Ha preso il via alle 18 la Prima più attesa dell’anno al Teatro della Scala di Milano, con Riccardo Chailly sul podio per la dodicesima inaugurazione di stagione e la regia di Vasily Barkhatov. L’opera, Una Lady Macbeth del distretto di Mcensk di Dmitrij Šostakovič, è trasmessa in diretta su Rai1 e Rai Radio3, consentendo al pubblico di assistere a una delle pagine più intense della storia musicale del XX secolo.
Tratta dal romanzo di Nikolaj Leskov, l’opera racconta la storia di Katerina Izmajlova, giovane donna costretta a un matrimonio infelice e sottomessa alle angherie del suocero. La passione proibita per il garzone Sergej la trascina in una spirale di omicidi e tradimenti, fino a un finale di disperazione e morte. La PRIMA del 1934 a Leningrado e Mosca riscosse un successo travolgente, con duecento rappresentazioni in appena due anni. La modernità della scrittura musicale, l’uso innovativo della politonalità e la fusione tra melodie popolari russe e citazioni mitteleuropee, come l’eco del Lied von der Erde di Mahler, conquistarono pubblico e critica.
Ma la politica sovietica era implacabile: nel 1936, Stalin stesso assistette a una rappresentazione e ben presto l’opera venne bandita, costringendo Šostakovič a un lungo periodo di emarginazione e a produrre, nel 1963, la versione edulcorata Katerina Ismailova. Alla Scala, la produzione 2025 celebra il cinquantesimo anniversario della morte di Šostakovič con un cast di primissimo piano: Sara Jakubiak è Katerina, affiancata da Najmiddin Mavlyanov, Yevgeny Akimov e Alexander Roslavets.
Scene, costumi e luci sono rispettivamente curati da Zinovy Margolin, Olga Shaishmelashvili e Alexander Sivaev. L’orchestra e il coro del Teatro sono diretti da Chailly, che racconta: «Šostakovič accenna, ammicca, fonde tradizione popolare e modernità orchestrale con una potenza emotiva unica. Il grottesco convive con la tragedia in un equilibrio che sconvolge ancora oggi».
La protesta
A pochi minuti dall’inizio, la tradizionale Prima della Scala è stata preceduta da una protesta delle associazioni pro-Pal, radunate in alcune centinaia tra piazza della Scala e Palazzo Marino. Su un palco improvvisato, gli attivisti hanno inscenato una performance satirica che metteva in scena la premier Giorgia Meloni, ribattezzata per l’occasione Lady Mac Melon, insieme ai ministri Giuseppe Valditara e Alessandro Giuli e al sindaco Giuseppe Sala. «Al Teatro alla Scala va in scena il primo spettacolo della stagione teatrale, un tripudio di lusso, di sfarzo, di cultura che può far calare il silenzio su due anni di genocidio, 77 anni di occupazione, su una città che cade a pezzi. Mentre il sindaco si presenta alla Prima della Scala pagando un biglietto che costa più di mesi di affitto in questa città», ha scandito il performer al microfono.

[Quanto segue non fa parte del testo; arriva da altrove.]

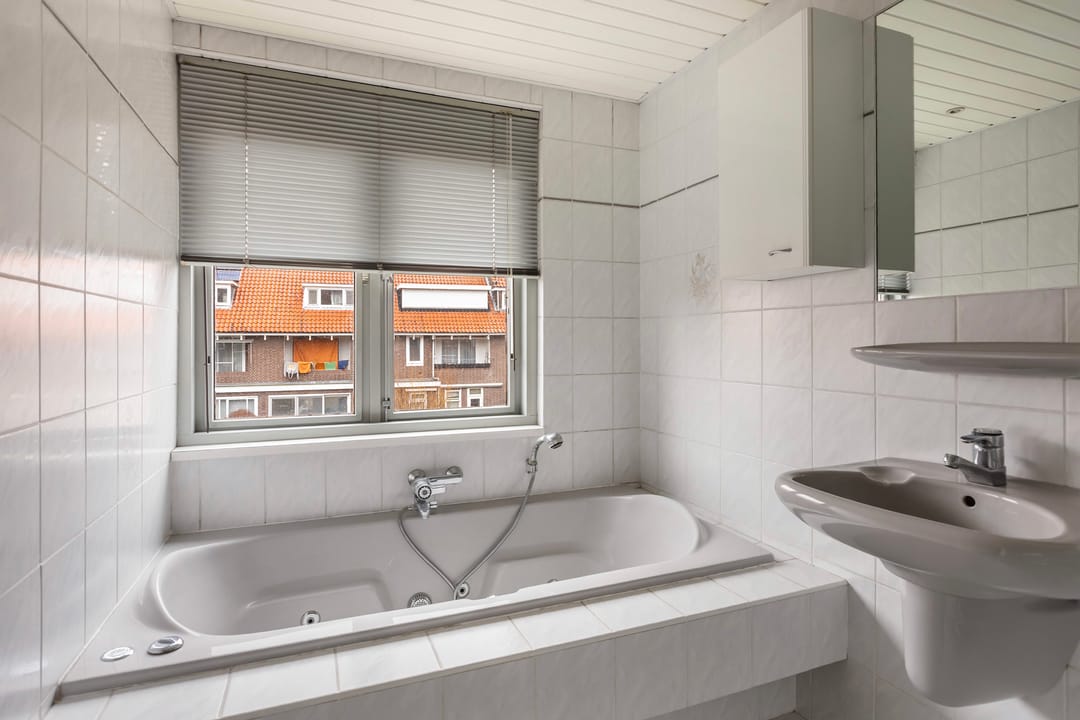 Photo 26 of Zestienhovensekade 403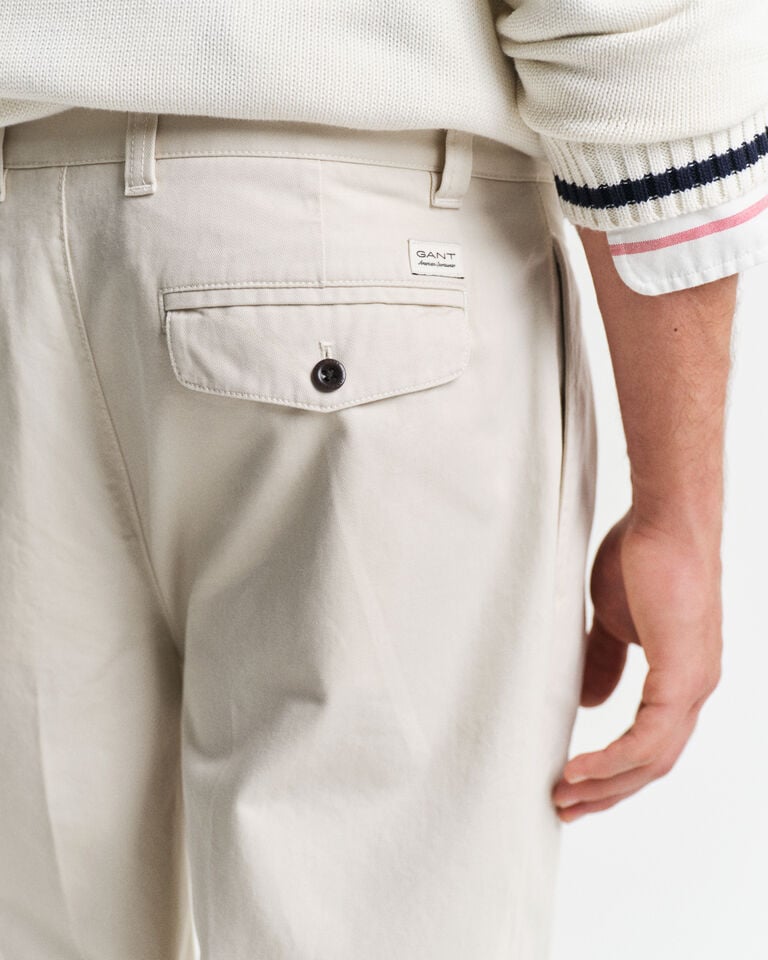 Gant Pantalones chinos de pinzas Relaxed Fit en sarga de algodón Descuento por venta flash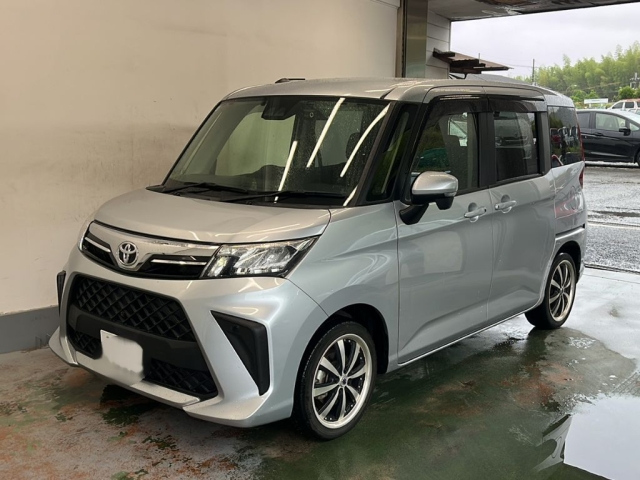 TOYOTA ROOMY 2021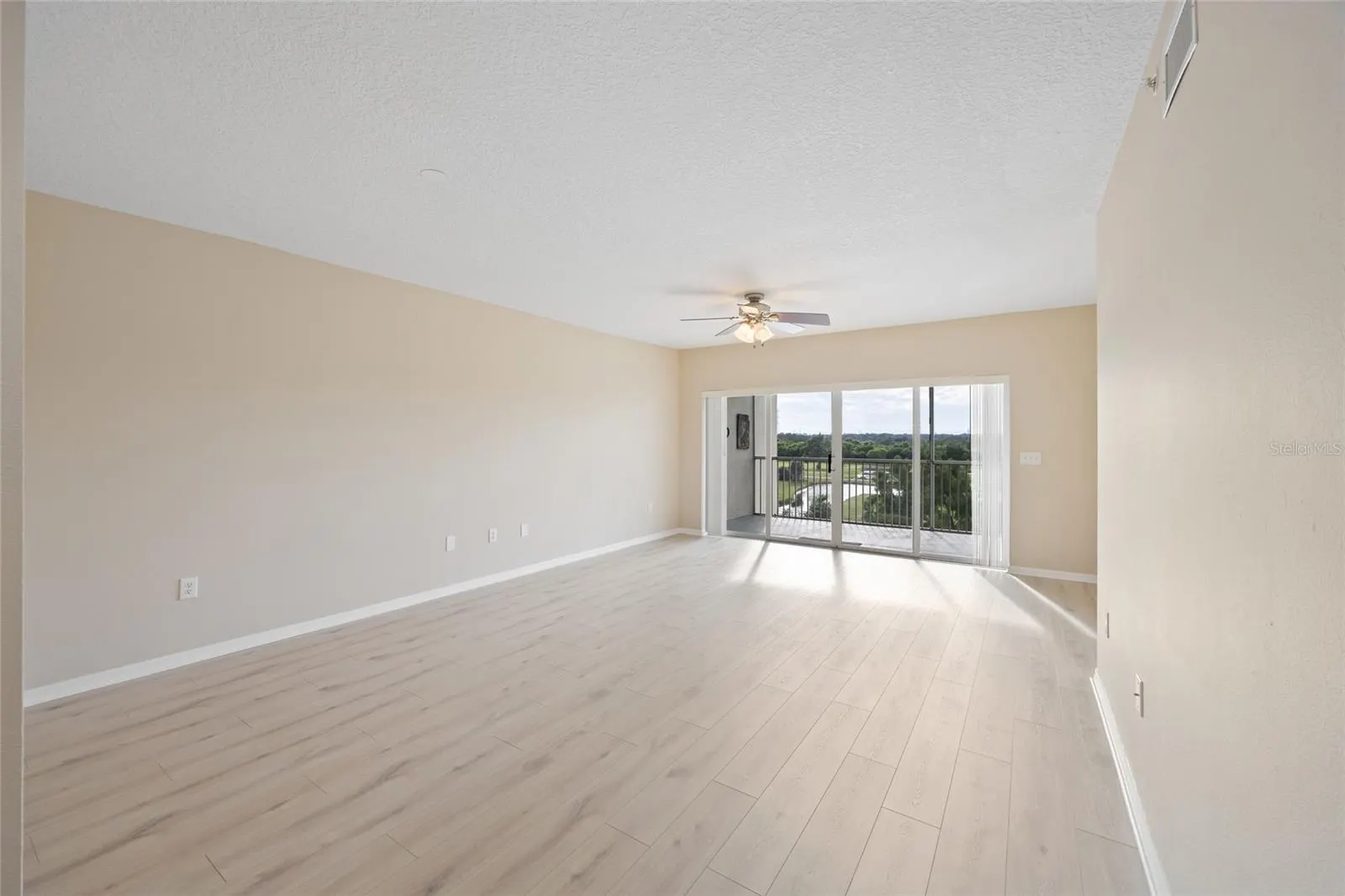 1200 COUNTRY CLUB DR #6305, #6305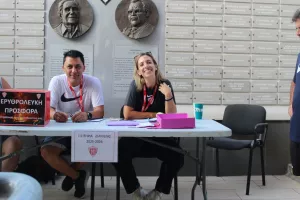 ΦΩΤΟΣ από την ερυθρόλευκη πρώτη 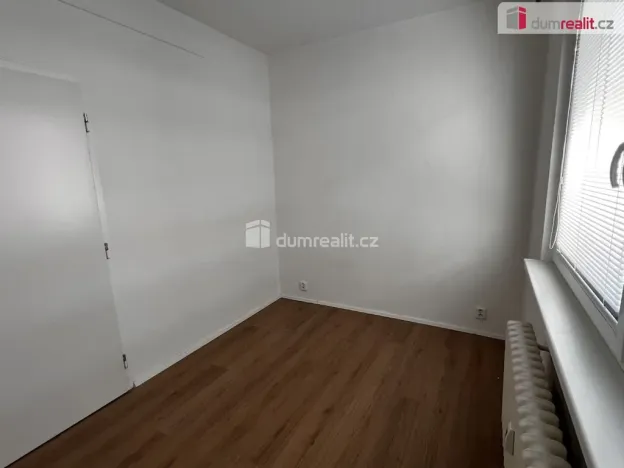 Pronájem bytu 2+kk, Zlín, U Trojáku, 36 m2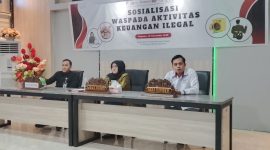 Wakil Bupati Touna, Hj. Surya Lapasiri Membuka Sosialisasi Waspada Aktivitas Keuangan Ilegal.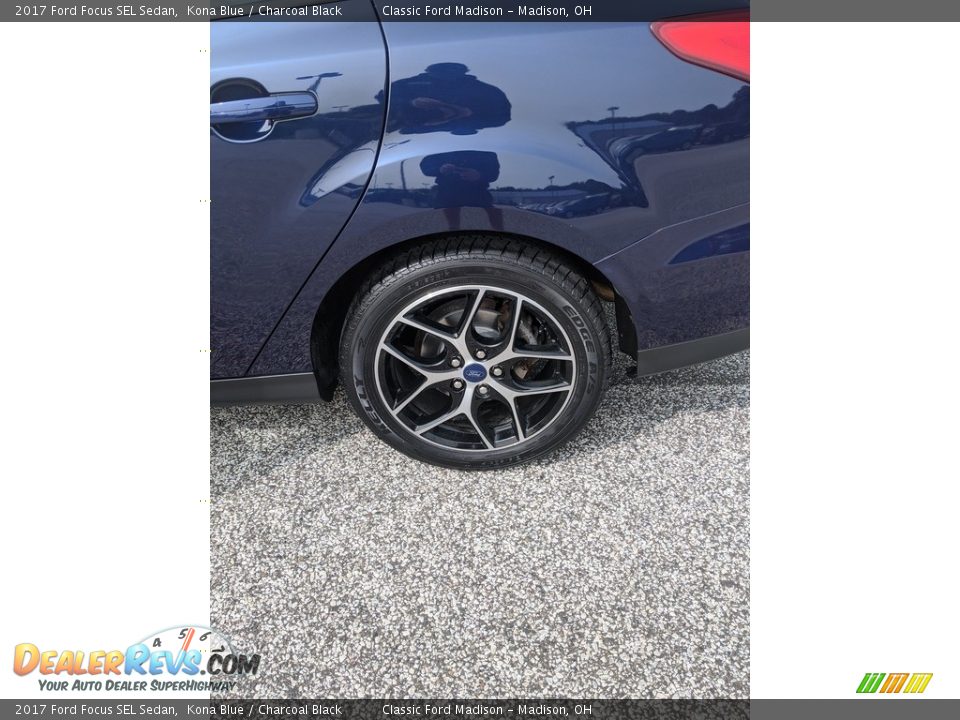 2017 Ford Focus SEL Sedan Kona Blue / Charcoal Black Photo #15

Nel corso dell’azione dimostrativa, presentata come «una Prima diffusa», gli attivisti hanno spiegato: «Oggi va qui in scena uno dei tanti appuntamenti della Prima diffusa, la Prima popolare che porta in atto il teatro delle complicità. Ci scusiamo se non abbiamo gli stessi allestimenti del Teatro alla Scala, se non abbiamo quinte mobili, orchestre, corpi di ballo o famosi tenori. Purtroppo il ministro Giuli ha detto che non c’era abbastanza pensiero solare nel nostro copione, quindi i fondi non ci sono».
L’attacco più duro è stato rivolto alla presidente del Consiglio: «Lady Mac Melon del distretto è venuta qui a ricordarci come la cultura non serve a niente, o meglio, non tutte le culture servono. Quelli come lei dicevano, Libro e Moschetto, fascista perfetto».